_Records for the exercise_:
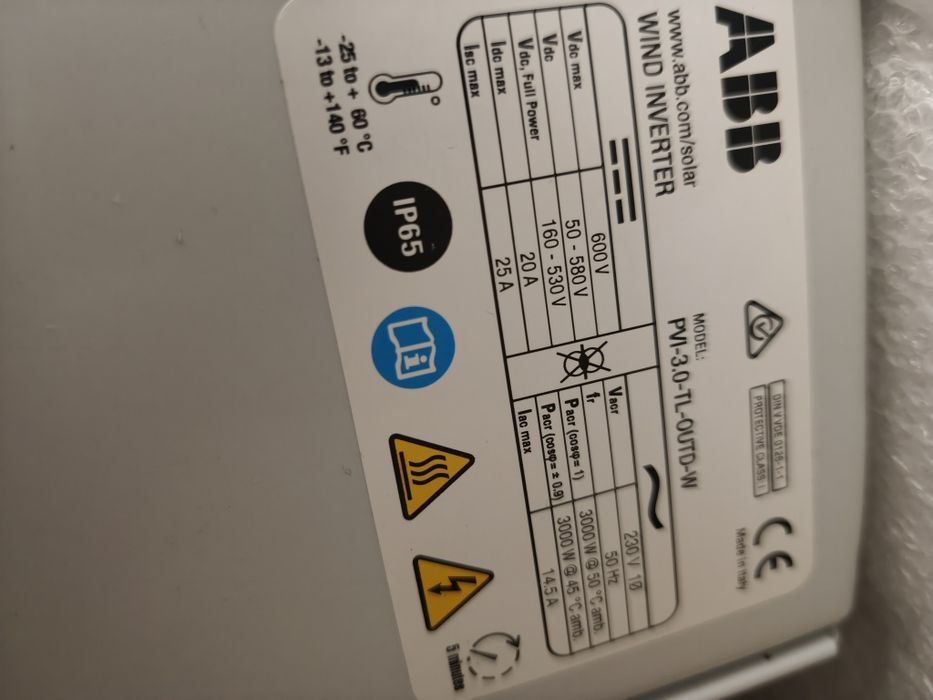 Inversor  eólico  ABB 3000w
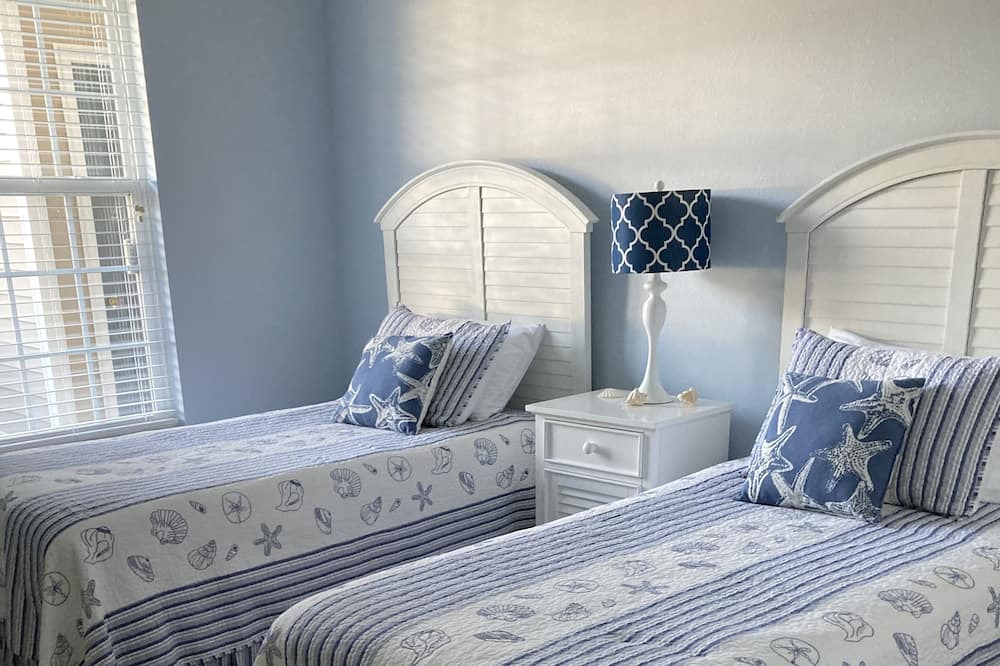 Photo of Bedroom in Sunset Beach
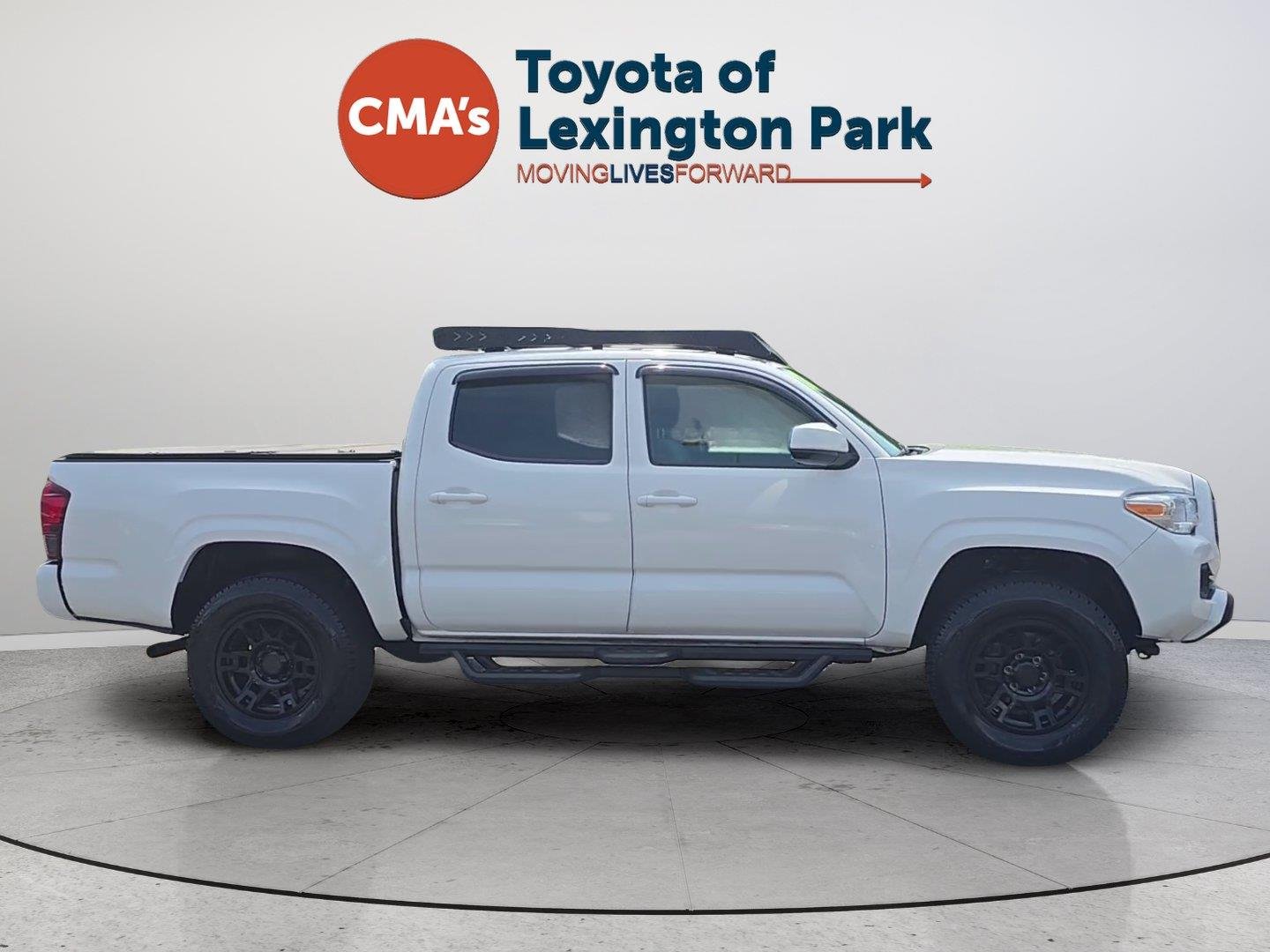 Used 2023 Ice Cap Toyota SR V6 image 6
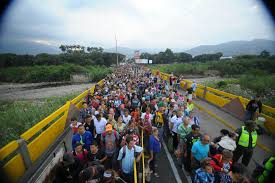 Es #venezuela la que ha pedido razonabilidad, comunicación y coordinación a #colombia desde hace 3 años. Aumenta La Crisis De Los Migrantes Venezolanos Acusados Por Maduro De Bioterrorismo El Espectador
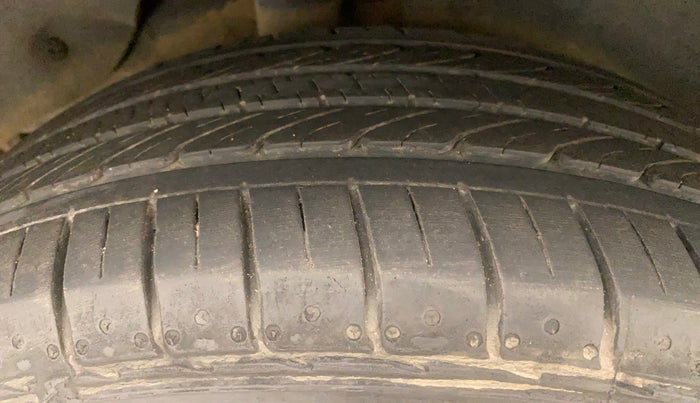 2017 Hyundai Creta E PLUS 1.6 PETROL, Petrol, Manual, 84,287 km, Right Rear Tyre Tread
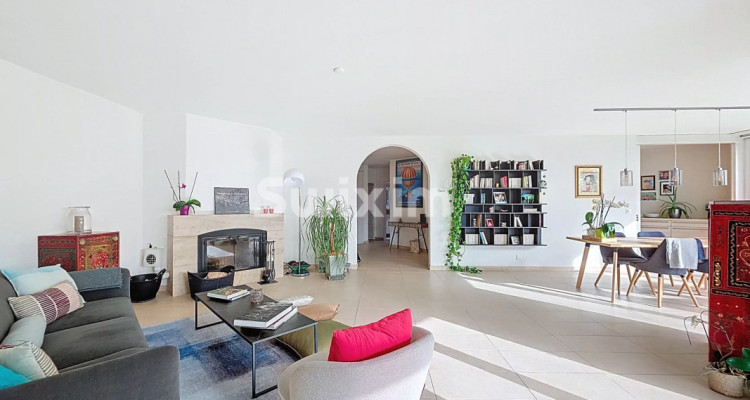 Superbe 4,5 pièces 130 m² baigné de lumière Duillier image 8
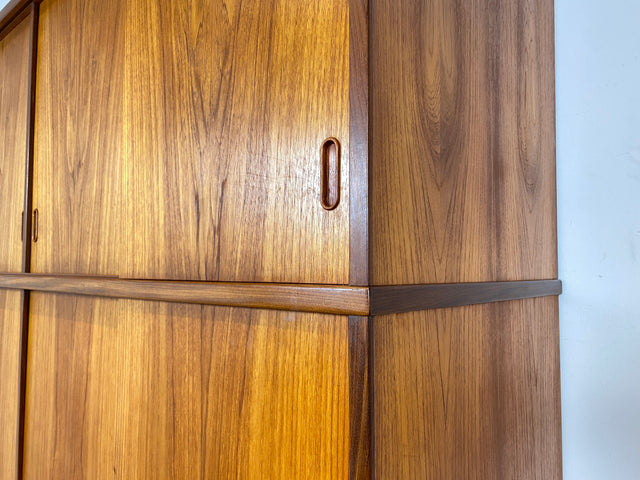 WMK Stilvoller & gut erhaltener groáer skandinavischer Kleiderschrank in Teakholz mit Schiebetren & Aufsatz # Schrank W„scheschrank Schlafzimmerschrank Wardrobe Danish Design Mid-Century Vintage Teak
==
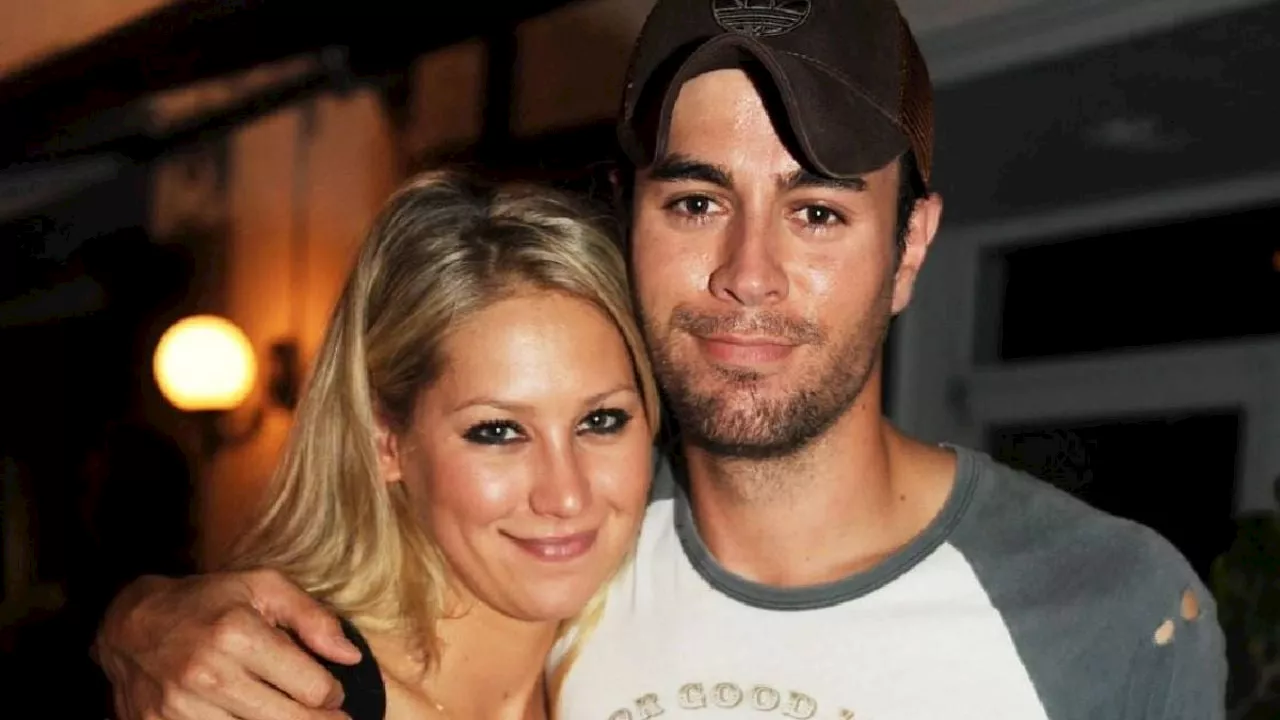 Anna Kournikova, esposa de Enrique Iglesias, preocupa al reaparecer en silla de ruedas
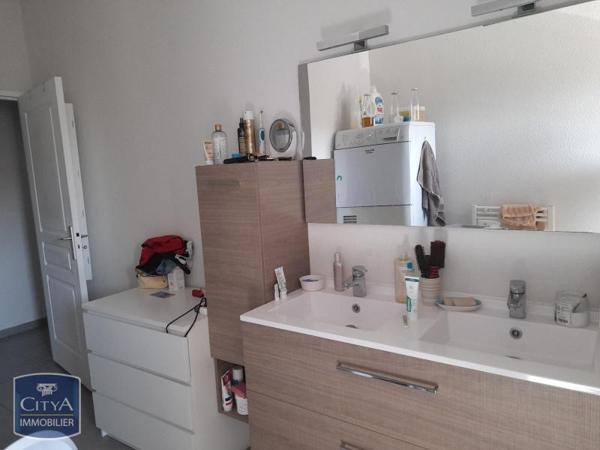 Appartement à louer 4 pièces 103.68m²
---
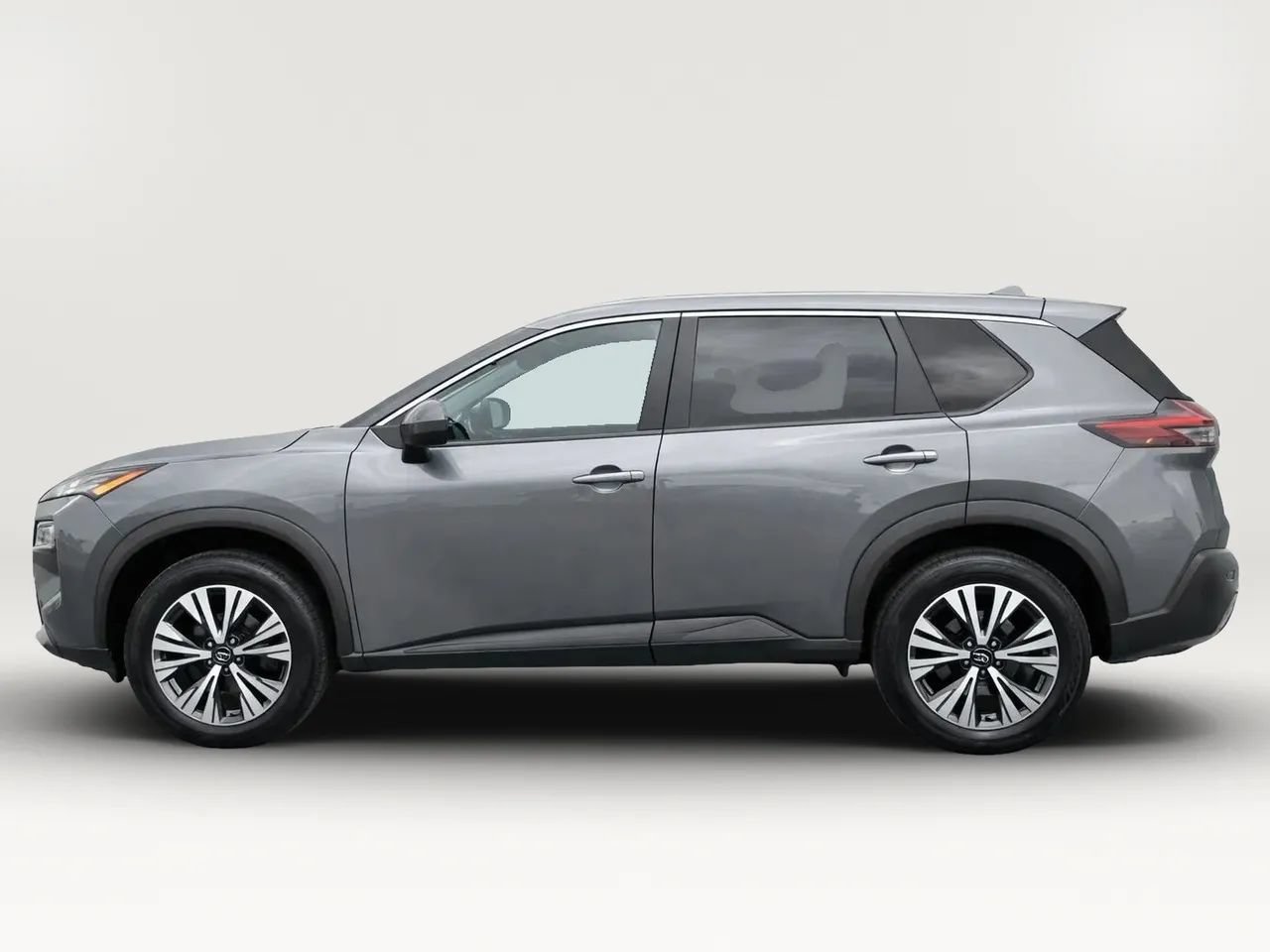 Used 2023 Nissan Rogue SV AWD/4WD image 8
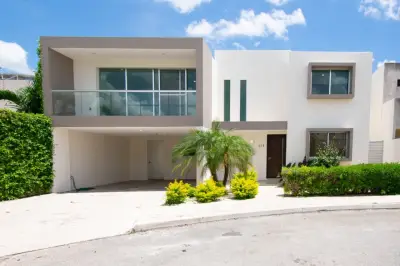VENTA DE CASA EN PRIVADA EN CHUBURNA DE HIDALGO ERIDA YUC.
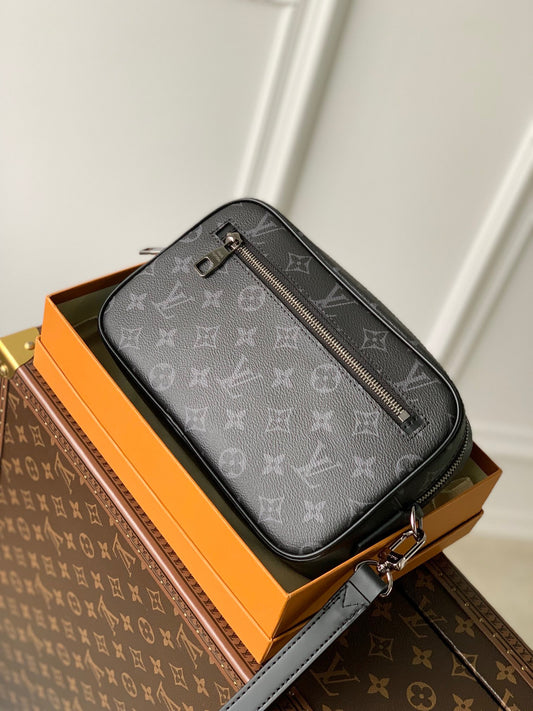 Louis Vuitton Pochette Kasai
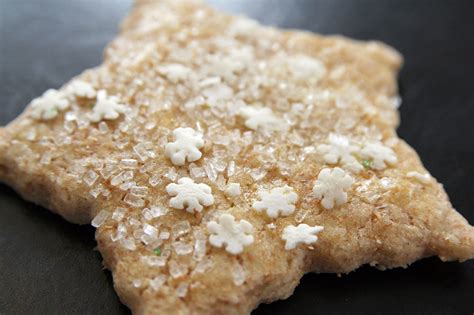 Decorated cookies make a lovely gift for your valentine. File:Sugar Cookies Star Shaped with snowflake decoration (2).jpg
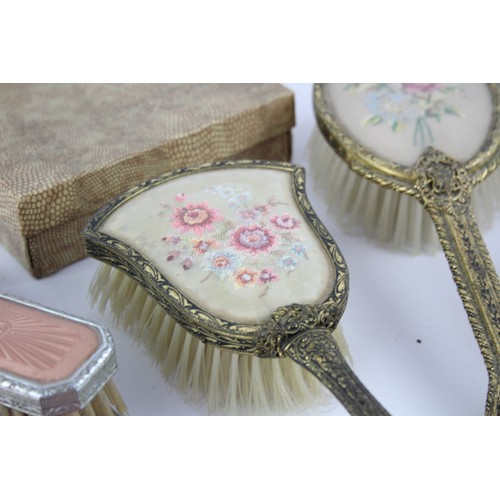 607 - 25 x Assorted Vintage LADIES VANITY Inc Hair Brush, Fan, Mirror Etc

_About this task_:
Given the listing above, retype only the span of lines from the line with "Es #venezuela la" up to and including the line with "WMK Stilvoller &", exactly as it stands and without pictures.

_Exercise result_:
 Es #venezuela la que ha pedido razonabilidad, comunicación y coordinación a #colombia desde hace 3 años. Aumenta La Crisis De Los Migrantes Venezolanos Acusados Por Maduro De Bioterrorismo El Espectador
 2017 Hyundai Creta E PLUS 1.6 PETROL, Petrol, Manual, 84,287 km, Right Rear Tyre Tread
 Superbe 4,5 pièces 130 m² baigné de lumière Duillier image 8
 WMK Stilvoller & gut erhaltener groáer skandinavischer Kleiderschrank in Teakholz mit Schiebetren & Aufsatz # Schrank W„scheschrank Schlafzimmerschrank Wardrobe Danish Design Mid-Century Vintage Teak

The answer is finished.